(Beginning of Information shown)

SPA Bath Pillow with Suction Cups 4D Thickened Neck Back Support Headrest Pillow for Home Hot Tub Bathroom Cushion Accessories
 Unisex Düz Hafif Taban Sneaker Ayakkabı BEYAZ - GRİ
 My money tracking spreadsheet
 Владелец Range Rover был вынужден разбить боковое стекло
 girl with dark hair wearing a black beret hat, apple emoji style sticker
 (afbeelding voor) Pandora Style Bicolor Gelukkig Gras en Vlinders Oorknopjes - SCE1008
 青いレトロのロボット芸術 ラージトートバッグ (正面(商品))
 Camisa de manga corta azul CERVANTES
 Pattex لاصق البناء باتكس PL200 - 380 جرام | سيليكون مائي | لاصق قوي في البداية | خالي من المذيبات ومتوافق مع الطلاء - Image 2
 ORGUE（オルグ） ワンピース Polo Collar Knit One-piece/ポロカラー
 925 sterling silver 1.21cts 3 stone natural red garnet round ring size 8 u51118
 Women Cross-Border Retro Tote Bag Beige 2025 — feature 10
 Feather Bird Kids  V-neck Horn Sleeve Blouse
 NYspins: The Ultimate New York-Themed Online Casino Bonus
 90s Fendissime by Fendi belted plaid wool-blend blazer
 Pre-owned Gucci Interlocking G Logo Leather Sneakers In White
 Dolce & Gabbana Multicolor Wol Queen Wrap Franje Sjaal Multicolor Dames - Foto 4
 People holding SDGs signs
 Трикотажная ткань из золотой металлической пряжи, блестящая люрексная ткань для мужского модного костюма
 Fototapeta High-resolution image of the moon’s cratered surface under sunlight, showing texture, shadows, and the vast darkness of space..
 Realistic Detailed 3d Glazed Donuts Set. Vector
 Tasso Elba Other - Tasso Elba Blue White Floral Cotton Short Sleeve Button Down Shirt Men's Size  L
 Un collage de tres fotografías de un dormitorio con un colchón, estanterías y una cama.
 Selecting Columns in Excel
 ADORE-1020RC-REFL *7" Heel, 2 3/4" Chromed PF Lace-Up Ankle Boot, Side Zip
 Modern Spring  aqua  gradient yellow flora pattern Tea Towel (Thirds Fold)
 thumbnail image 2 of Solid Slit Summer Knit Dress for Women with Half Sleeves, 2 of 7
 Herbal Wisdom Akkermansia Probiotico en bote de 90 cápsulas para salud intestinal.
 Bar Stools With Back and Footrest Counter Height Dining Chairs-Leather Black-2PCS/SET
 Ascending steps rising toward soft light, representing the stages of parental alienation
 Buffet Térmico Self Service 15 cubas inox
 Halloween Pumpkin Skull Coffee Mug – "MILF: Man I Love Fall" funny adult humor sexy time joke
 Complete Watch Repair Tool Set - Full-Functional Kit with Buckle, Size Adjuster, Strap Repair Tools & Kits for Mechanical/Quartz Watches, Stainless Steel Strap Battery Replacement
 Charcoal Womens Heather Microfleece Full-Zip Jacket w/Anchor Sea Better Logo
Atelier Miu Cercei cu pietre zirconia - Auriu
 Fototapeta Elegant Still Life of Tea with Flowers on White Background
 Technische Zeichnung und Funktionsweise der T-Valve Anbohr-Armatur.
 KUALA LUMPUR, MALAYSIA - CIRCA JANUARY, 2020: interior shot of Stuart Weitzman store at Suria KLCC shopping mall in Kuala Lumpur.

(End of Information shown)

▶ Task goal
From the records above, print exactly the lines that run from the line with "Realistic Detailed 3d" to the line with "Halloween Pumpkin Skull", inclusive.

▶ Written response
 Realistic Detailed 3d Glazed Donuts Set. Vector
 Tasso Elba Other - Tasso Elba Blue White Floral Cotton Short Sleeve Button Down Shirt Men's Size  L
 Un collage de tres fotografías de un dormitorio con un colchón, estanterías y una cama.
 Selecting Columns in Excel
 ADORE-1020RC-REFL *7" Heel, 2 3/4" Chromed PF Lace-Up Ankle Boot, Side Zip
 Modern Spring  aqua  gradient yellow flora pattern Tea Towel (Thirds Fold)
 thumbnail image 2 of Solid Slit Summer Knit Dress for Women with Half Sleeves, 2 of 7
 Herbal Wisdom Akkermansia Probiotico en bote de 90 cápsulas para salud intestinal.
 Bar Stools With Back and Footrest Counter Height Dining Chairs-Leather Black-2PCS/SET
 Ascending steps rising toward soft light, representing the stages of parental alienation
 Buffet Térmico Self Service 15 cubas inox
 Halloween Pumpkin Skull Coffee Mug – "MILF: Man I Love Fall" funny adult humor sexy time joke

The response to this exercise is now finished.